Another way this comes about is long-term employees in an IT unit or call center who have convinced their managers of their own importance – the department can’t function without their personal presence and unique experience.  Then these employees fight over turf – “this is MY department’s responsibilities, not yours”.  Government managers count their importance by the number of employees they manage and the amount of budget they control.  And the jealously guard and defend that turf.

But citizens rarely care about such crap.   They typically know who the mayor is and may also know their council member, and they want good service from their government, irrespective of the department lines.     Smart Mayors and city/county managers realize this, and set up strong, well-managed central services which are cross-departmental. Strong mayors confront departmental fiefdoms and employee self-importance, understanding citizen service trumps all that.   In smaller jurisdictions the city or county will partner with neighboring cities or counties to jointly offer better services with more efficiency.   Multi-city or county cooperation requires gutsy elected officials who are willing to give up a measure of control in return for better services.

But all of this – implementing a 311 service or consolidating a technology function – requires strong elected officials with a vision of citizen-centric customer service.

5 Comments

Filed under 311, customer service, employees, government, government operations, management of technology

5 responses to “People Live Horizontally but Government Organizes in Silos

  1. Pingback: Link: Where new ideas take root – FT.com – The Turning Grille

  2. Well said Bill. 311 is an excellent concept.

  3. Bill, You must still be tuned in to Seattle.

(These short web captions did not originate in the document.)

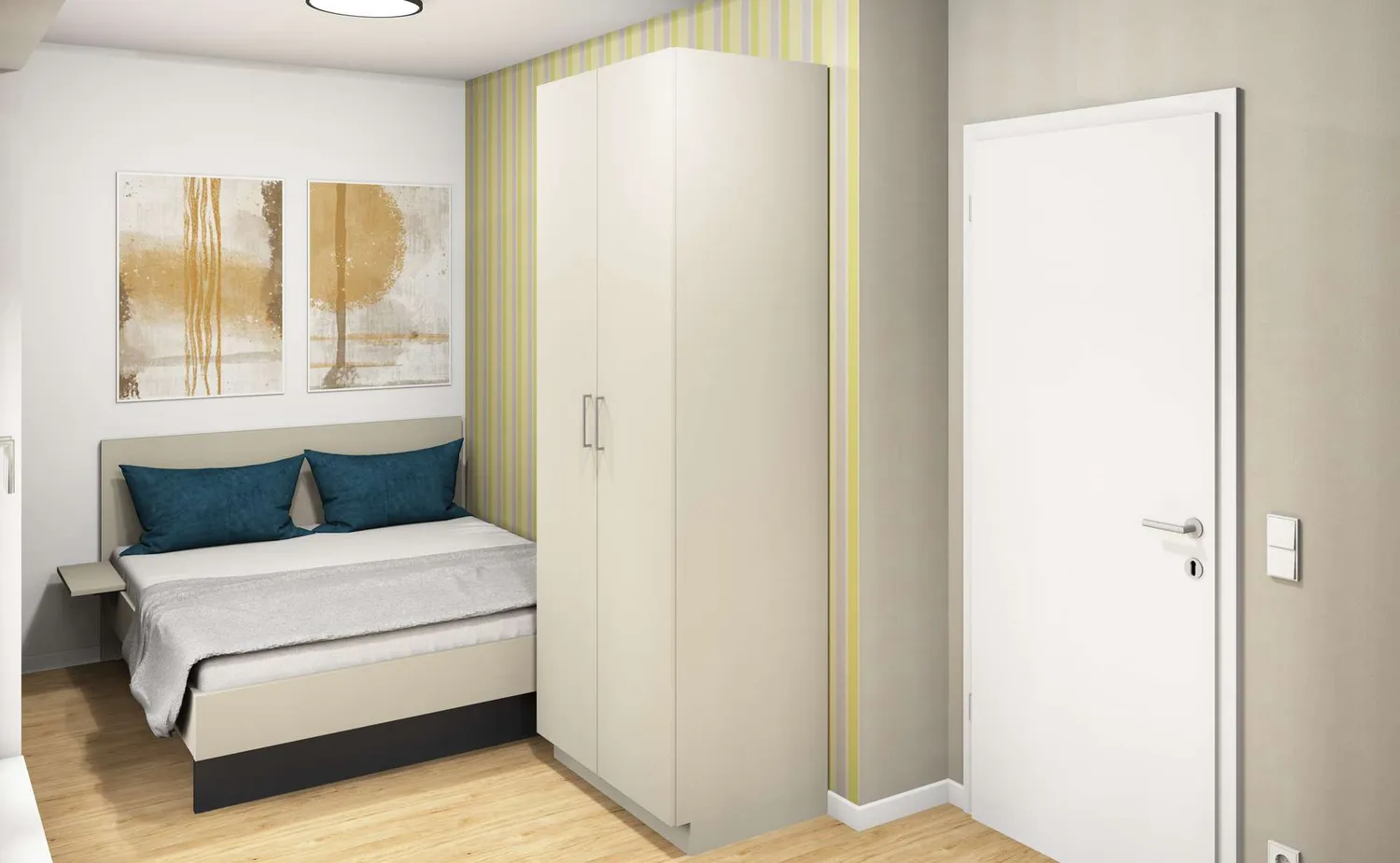 2 Zimmer Wohnung mit 39 m² in Landshut – Bild 6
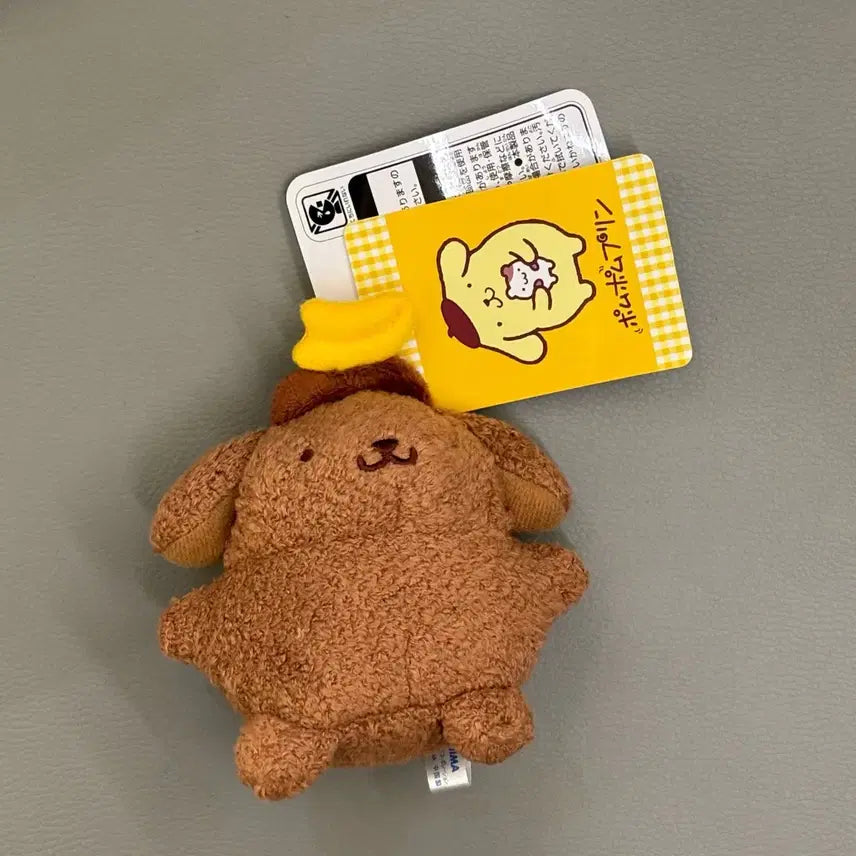 [SOLD OUT] 폼폼푸린 30주년 컬러 브라운 코코아 키링 인형
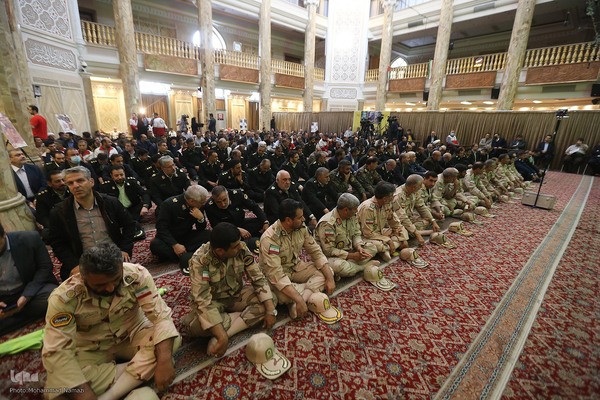 مراسم بزرگداشت شهدای مظلوم فلسطین و غزه مقاوم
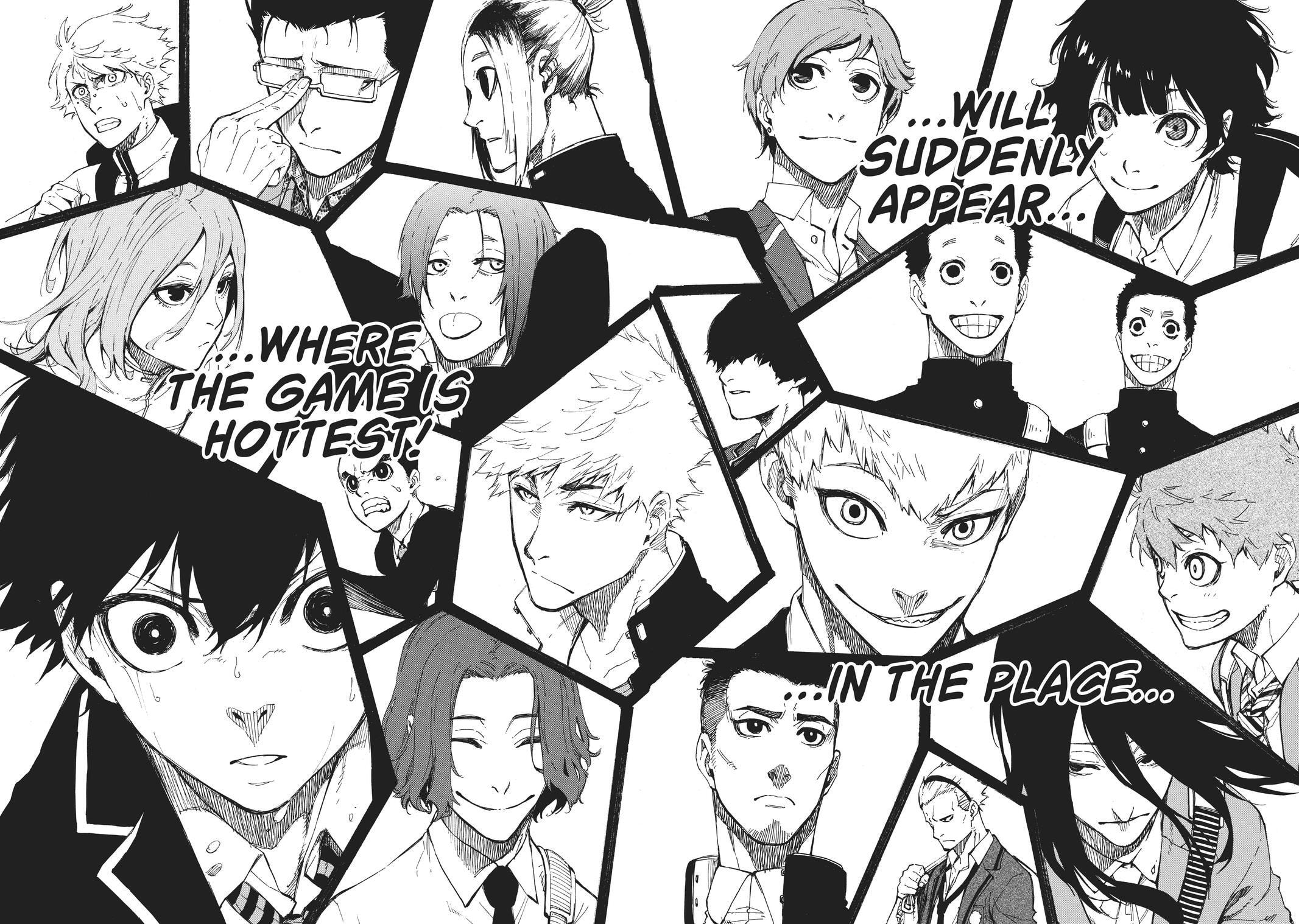 Blue Lock Chapter 1 page 72 - 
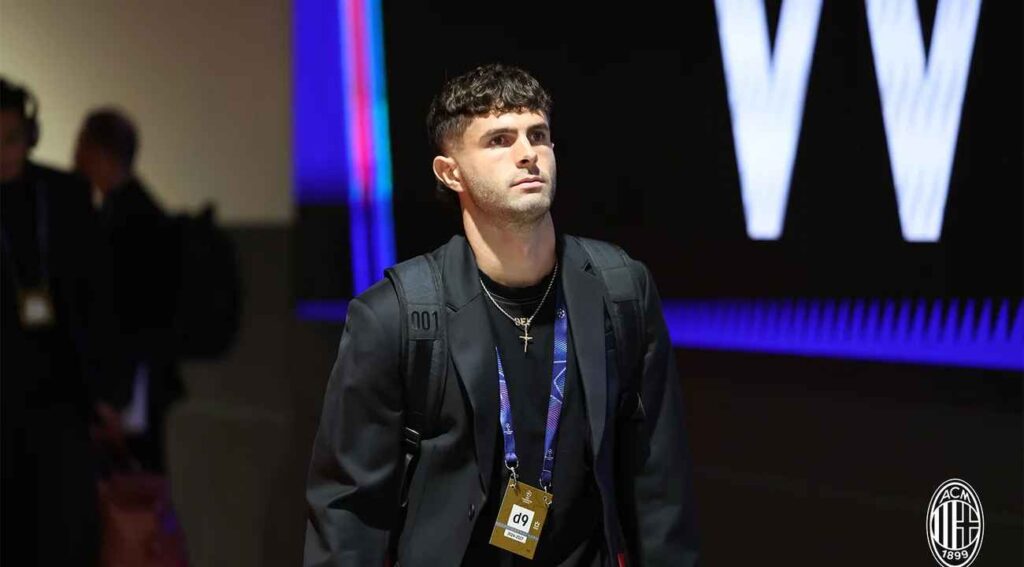 Pulisic kihagyja a Crvena elleni mérkőzést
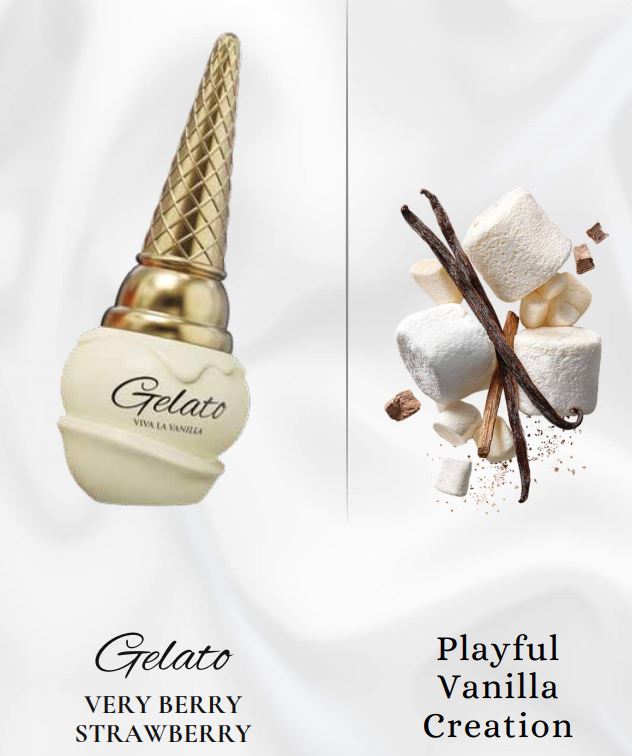 Gelato VIVA LA VANILLA - AMARAN 100ML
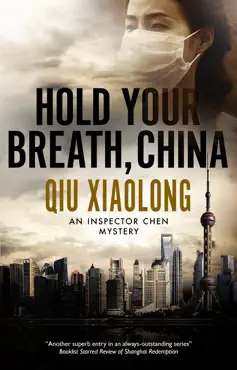 hold your breath, china book cover image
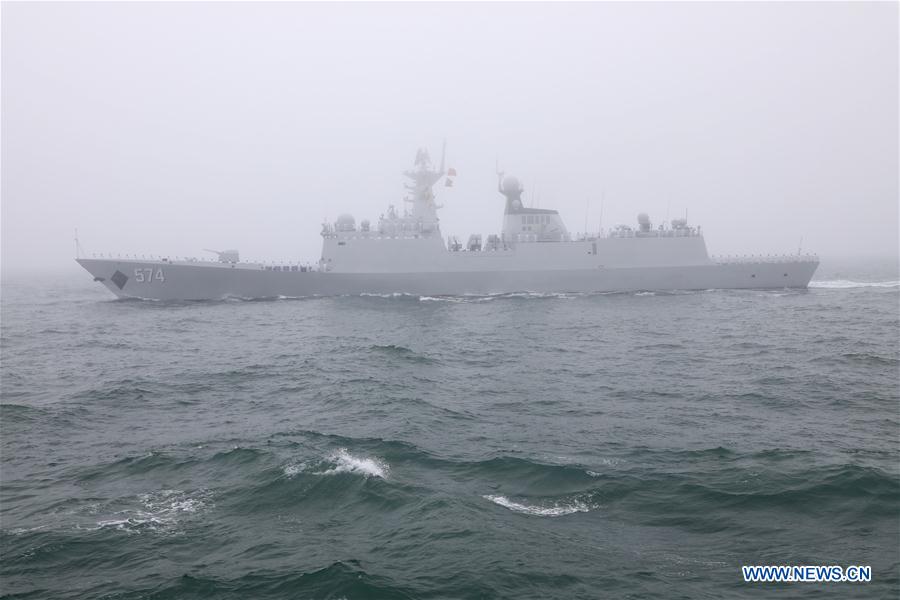 CHINA-QINGDAO-PLA NAVY-70TH ANNIVERSARY-PARADE (CN)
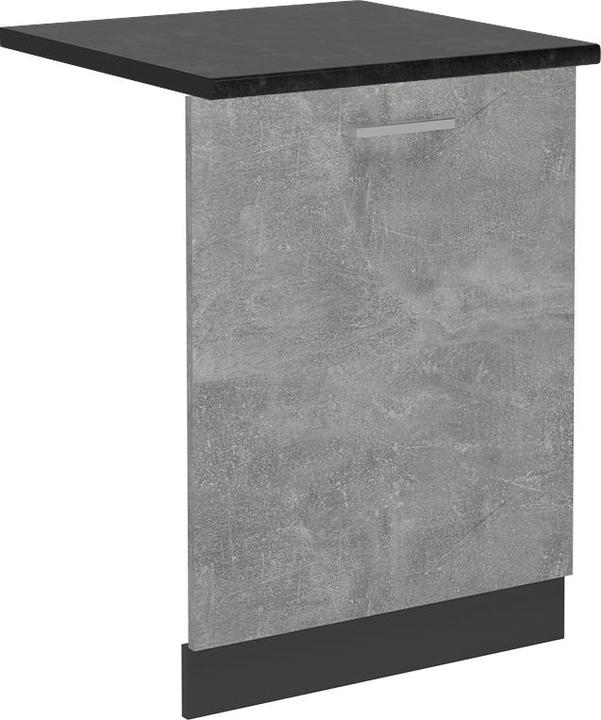 Anthrazit, Beton, Marble-Weiss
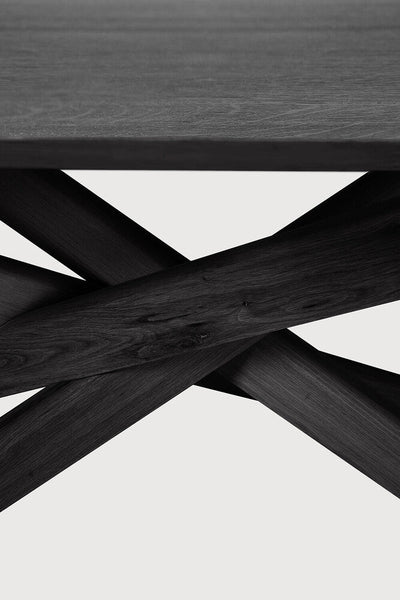 product image for Round Oak Mikado Dining Table 25 75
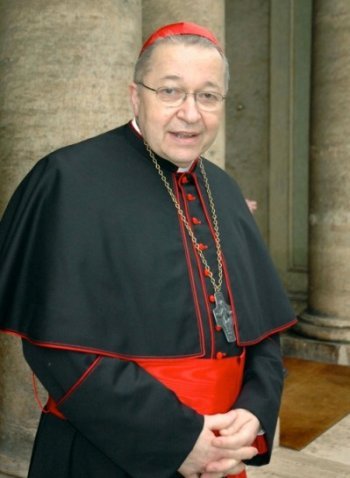 Cardinal André Vingt-Trois. © D. R..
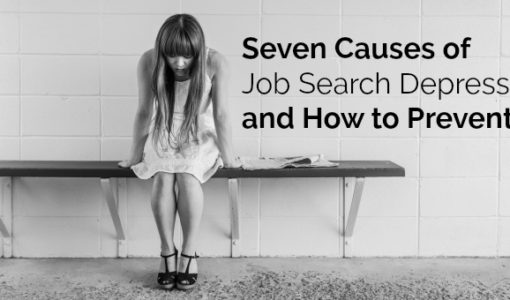decelerate your job search depression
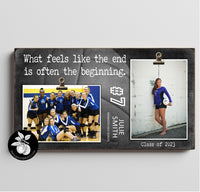 Personalized Senior Night VOLLEYBALL Picture Frame, Sports Team Gift, Custom Gifts for Graduating Senior, Graduation Gift Ideas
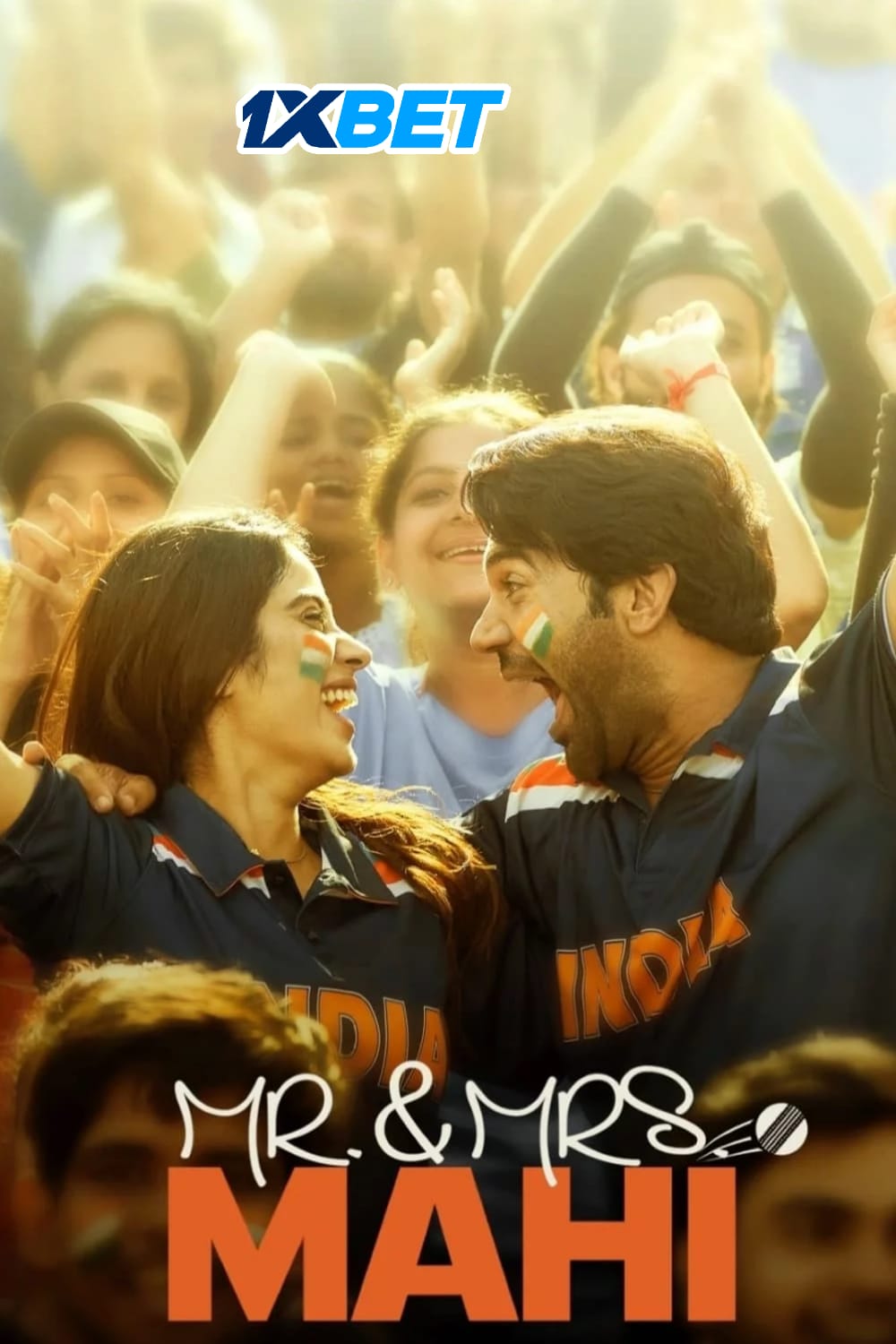 Mr. & Mrs. Mahi (2024) Hindi Full Movie HDTS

I just met with my new Director and the new CTO about Customer Service, discussing integrating Work Management with the CSR system for Citywide Customer Service. They both said as the meeting was ending, “Why doesn’t Seattle have a 311 system?” That’s a good question and a long story and I don’t think I even know the half of it. Good Story!

    • Schrier

      It is crazy we don’t implement 311. All gets back to electing all your city council members at large – they don’t feel the pain of constituent complains, only the Mayor does, so the council doesn’t feel any urgency to fund 311. That will change! Thanks for the comment, Amy.

  4. Rodrigo

    hi, bill. though i agree with the premise and the title of your article, you lost me towards the end when you attributed the problem to individual employees who have been in their jobs for a while. the “few bad apples” theory has been debunked across the many settings that struggle with issues of inefficiency, fraud, etc. maybe back that piece up with some research? it seems terribly anecdotal. my understanding is that systems problems require systems solutions. the recommendations you make have been tried in many cities, counties, states, and come with their own set of problems.